■ Action item
Each line below should be retyped exactly, with no pictures.

Recorded data

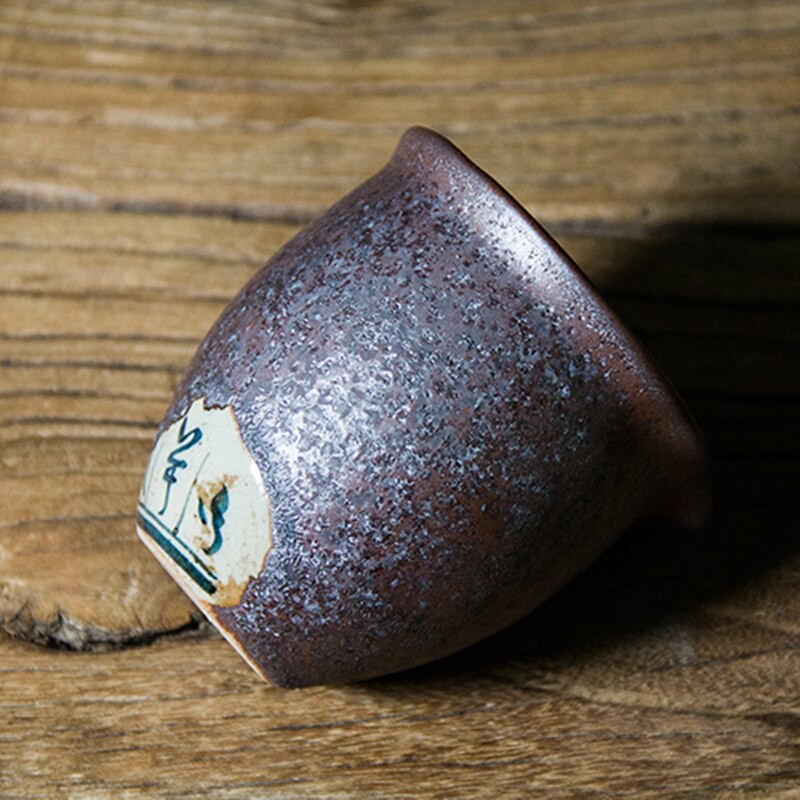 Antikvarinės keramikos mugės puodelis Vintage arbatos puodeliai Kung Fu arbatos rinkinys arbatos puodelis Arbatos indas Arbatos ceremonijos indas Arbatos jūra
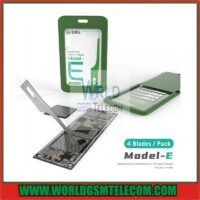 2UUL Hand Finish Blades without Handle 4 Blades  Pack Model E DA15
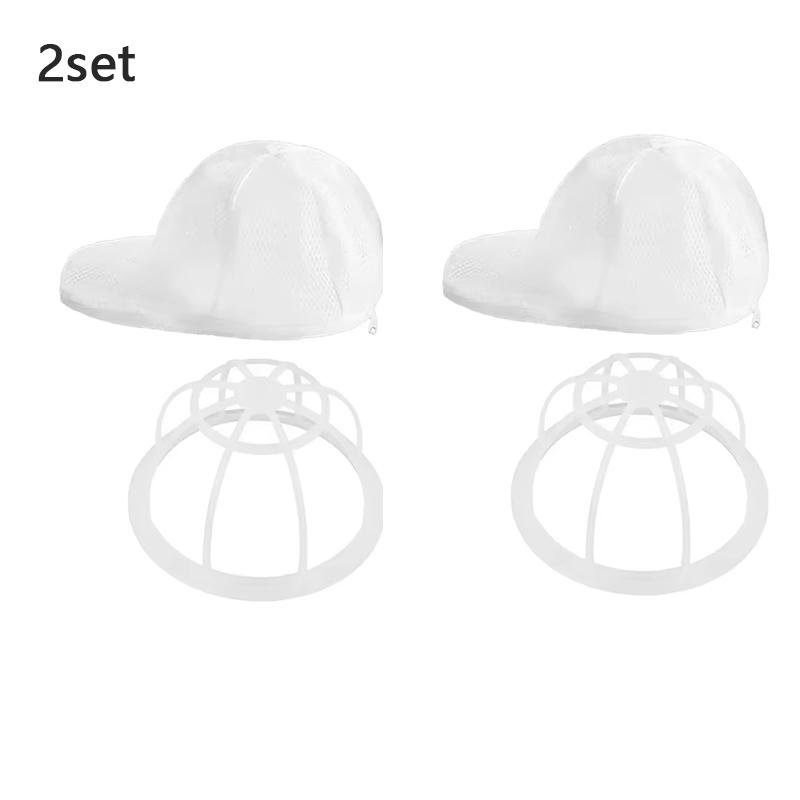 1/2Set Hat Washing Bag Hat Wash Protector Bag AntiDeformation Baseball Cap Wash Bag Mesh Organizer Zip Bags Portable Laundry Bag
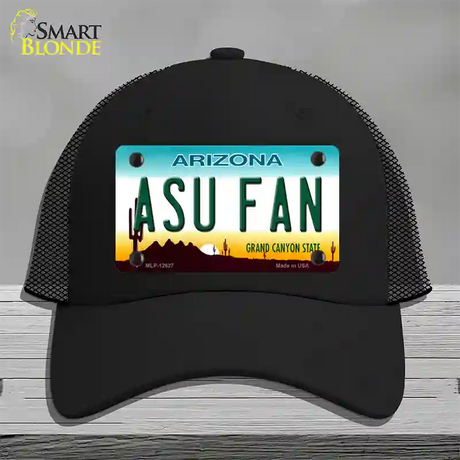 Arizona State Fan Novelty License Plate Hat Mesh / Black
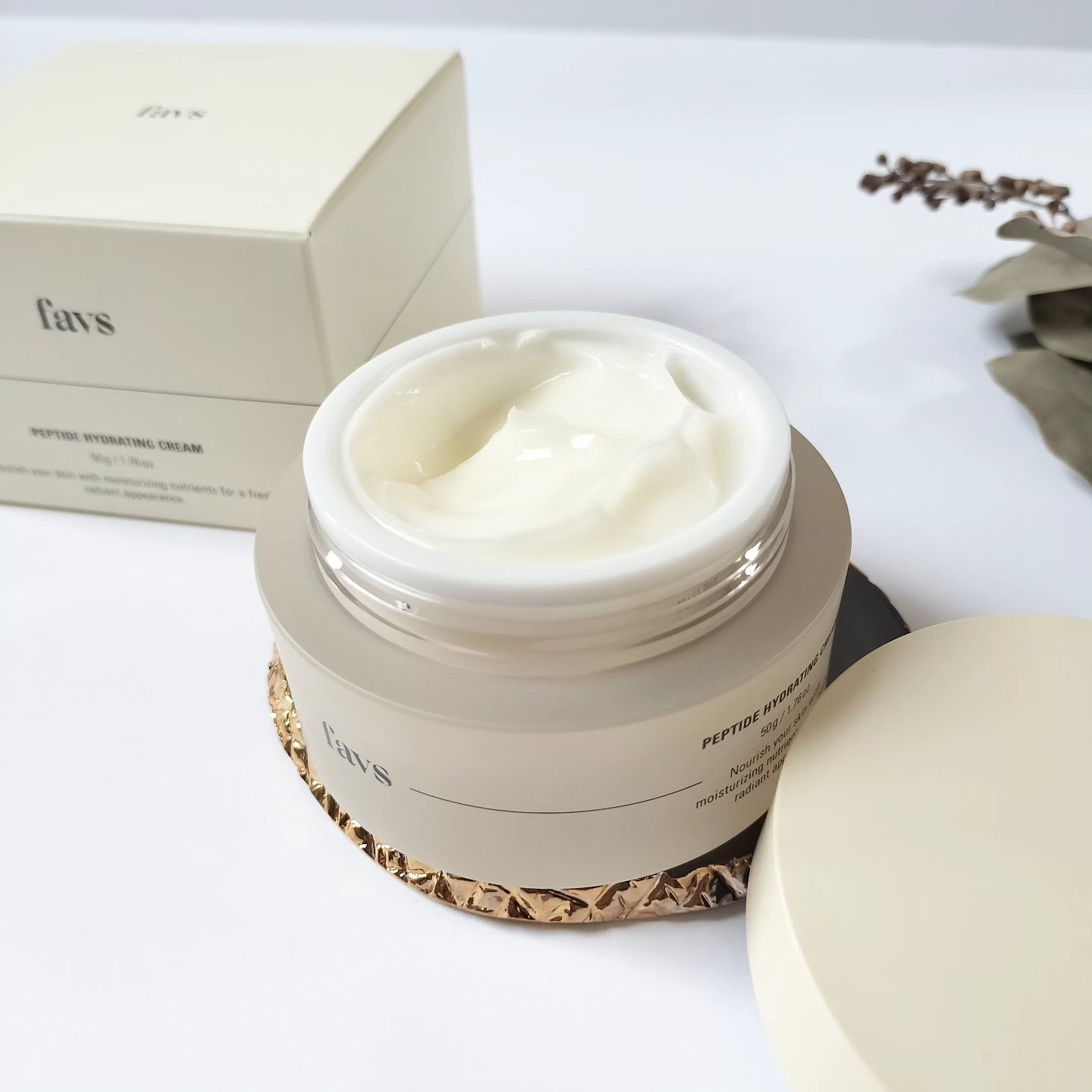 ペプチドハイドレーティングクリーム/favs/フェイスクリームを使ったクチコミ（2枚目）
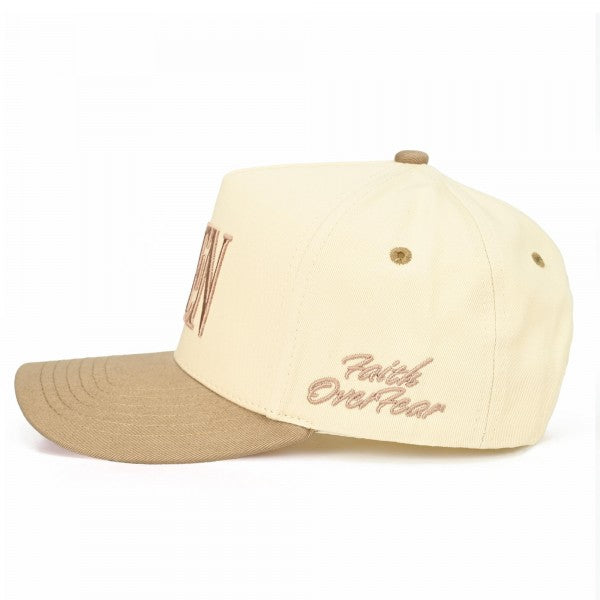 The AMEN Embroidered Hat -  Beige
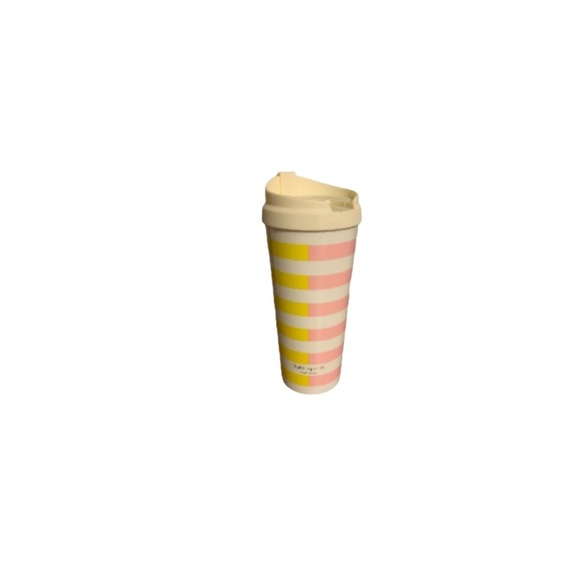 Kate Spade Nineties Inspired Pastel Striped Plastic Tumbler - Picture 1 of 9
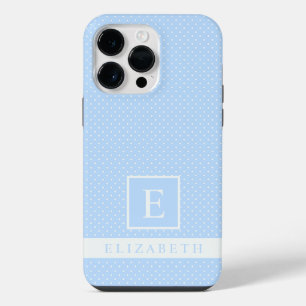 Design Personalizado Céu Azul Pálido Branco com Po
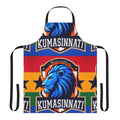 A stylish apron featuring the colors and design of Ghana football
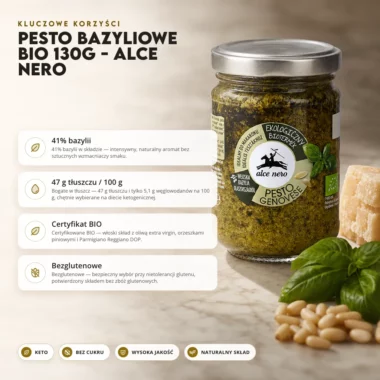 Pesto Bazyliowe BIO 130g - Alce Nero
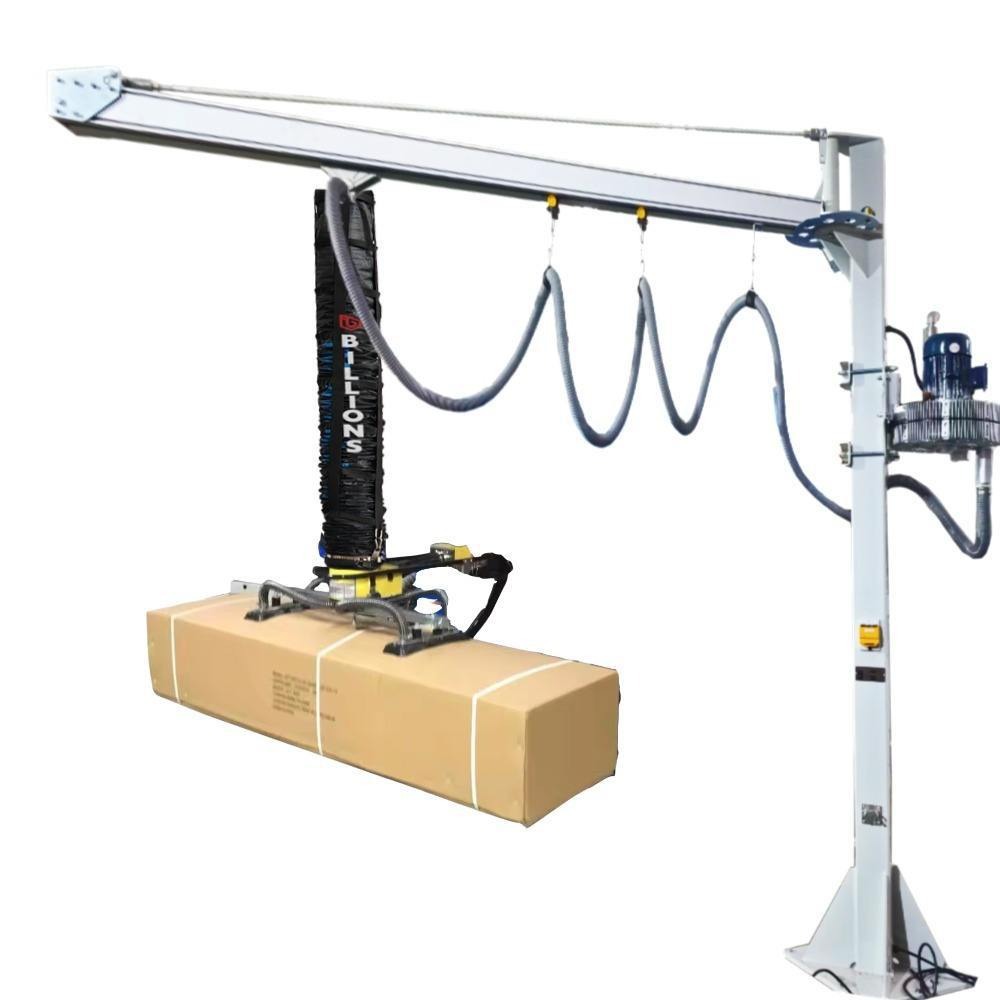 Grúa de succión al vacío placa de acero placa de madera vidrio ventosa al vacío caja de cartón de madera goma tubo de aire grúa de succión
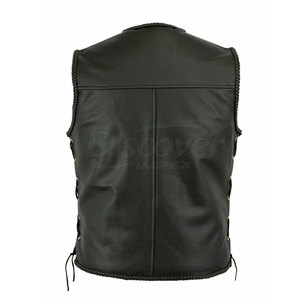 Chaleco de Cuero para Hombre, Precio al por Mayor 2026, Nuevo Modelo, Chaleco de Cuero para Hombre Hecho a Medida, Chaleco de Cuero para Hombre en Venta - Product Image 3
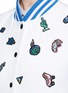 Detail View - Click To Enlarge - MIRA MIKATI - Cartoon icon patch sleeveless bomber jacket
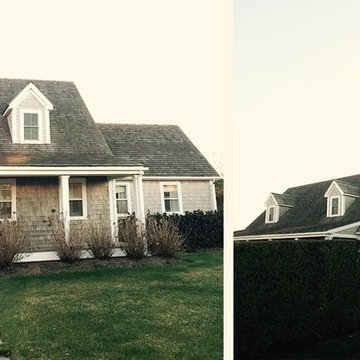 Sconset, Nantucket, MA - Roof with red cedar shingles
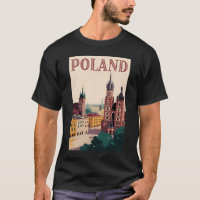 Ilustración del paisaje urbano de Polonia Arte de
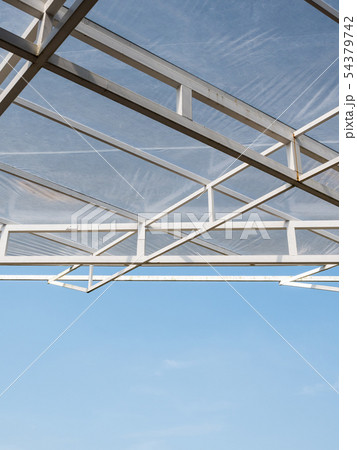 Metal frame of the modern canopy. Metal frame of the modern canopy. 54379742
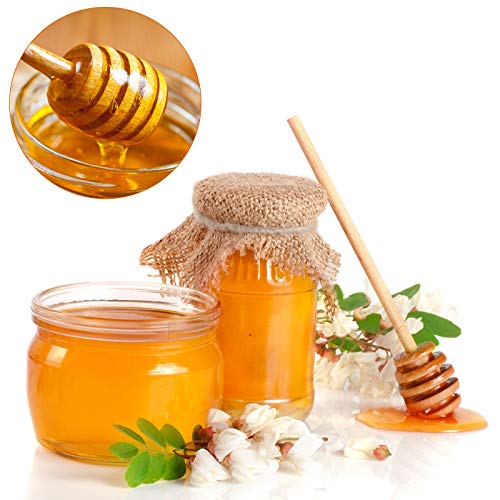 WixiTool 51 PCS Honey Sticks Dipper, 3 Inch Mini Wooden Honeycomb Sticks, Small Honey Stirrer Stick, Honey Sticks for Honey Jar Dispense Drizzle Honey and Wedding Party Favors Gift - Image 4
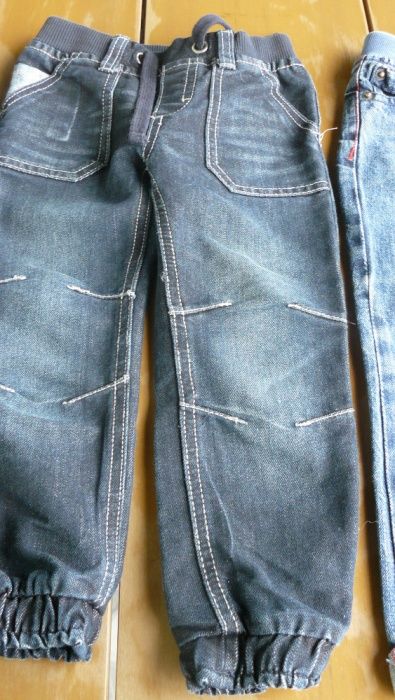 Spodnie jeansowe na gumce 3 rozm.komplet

■ Result
 Antikvarinės keramikos mugės puodelis Vintage arbatos puodeliai Kung Fu arbatos rinkinys arbatos puodelis Arbatos indas Arbatos ceremonijos indas Arbatos jūra
 2UUL Hand Finish Blades without Handle 4 Blades  Pack Model E DA15
 1/2Set Hat Washing Bag Hat Wash Protector Bag AntiDeformation Baseball Cap Wash Bag Mesh Organizer Zip Bags Portable Laundry Bag
 Arizona State Fan Novelty License Plate Hat Mesh / Black
 ペプチドハイドレーティングクリーム/favs/フェイスクリームを使ったクチコミ（2枚目）
 The AMEN Embroidered Hat -  Beige
 Kate Spade Nineties Inspired Pastel Striped Plastic Tumbler - Picture 1 of 9
 Design Personalizado Céu Azul Pálido Branco com Po
 A stylish apron featuring the colors and design of Ghana football
 Pesto Bazyliowe BIO 130g - Alce Nero
 Grúa de succión al vacío placa de acero placa de madera vidrio ventosa al vacío caja de cartón de madera goma tubo de aire grúa de succión
 Chaleco de Cuero para Hombre, Precio al por Mayor 2026, Nuevo Modelo, Chaleco de Cuero para Hombre Hecho a Medida, Chaleco de Cuero para Hombre en Venta - Product Image 3
 Detail View - Click To Enlarge - MIRA MIKATI - Cartoon icon patch sleeveless bomber jacket
 Sconset, Nantucket, MA - Roof with red cedar shingles
 Ilustración del paisaje urbano de Polonia Arte de
 Metal frame of the modern canopy. Metal frame of the modern canopy. 54379742
 WixiTool 51 PCS Honey Sticks Dipper, 3 Inch Mini Wooden Honeycomb Sticks, Small Honey Stirrer Stick, Honey Sticks for Honey Jar Dispense Drizzle Honey and Wedding Party Favors Gift - Image 4
 Spodnie jeansowe na gumce 3 rozm.komplet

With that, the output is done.